Author David I. Steinberg

Oxford University Press,

October 2009


A Book Review by Will Shapira

Did you know that with an estimated 3,000 Karen refugees settled in Minnesota, we are now home to about one-sixth of all of those who through 2008 managed to escape the murderous military junta that rules Burma-Myanmar with a bloody iron fist?

That’s just one of the facts I gleaned from a new book entitled “Burma/Myanmar: What Everyone Needs to Know” by David I. Steinberg (Oxford University Press).
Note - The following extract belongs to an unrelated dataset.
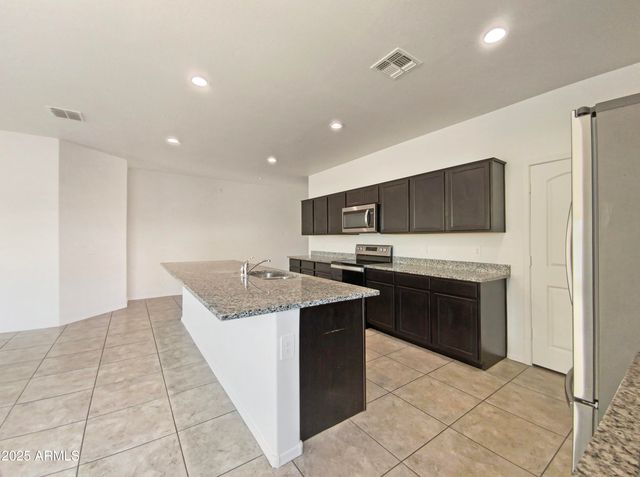 35972 W SEVILLE Drive, Maricopa, AZ 85138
Steinberg is a Professor of Asian Studies and the School of Foreign Service at Georgetown University.

For those unfamiliar with the Karen, I also recommend a searing article about how difficult it is for them to escape the clutches of the junta: “Surrender Is Not an Option” by Mac McClellan in the March/April Edition of The article is now a book with the same title.

As volunteer tutor of English to about 30 high school age students at Fairview Alternative high School, Roseville, Minn., I know first-hand about the living hell some of them endured before they were able to come to the U.S. from refugee camps in Thailand, sponsored either by religious organizations or by the U.N. To better understand our new neighbors, reading the book will be of great assistance.

Some of the questions Steinberg answers include: Why are we interested in Burma/Myanmar? What are the crises facing Burma/Myanmar? How Does Burmese History Relate to Contemporary Events? Is democracy a reasonable expectation for Myanmar in the near term? In the future? And perhaps of greatest interest to our new immigrants: What might the role of the Burmese diaspora be in a new government?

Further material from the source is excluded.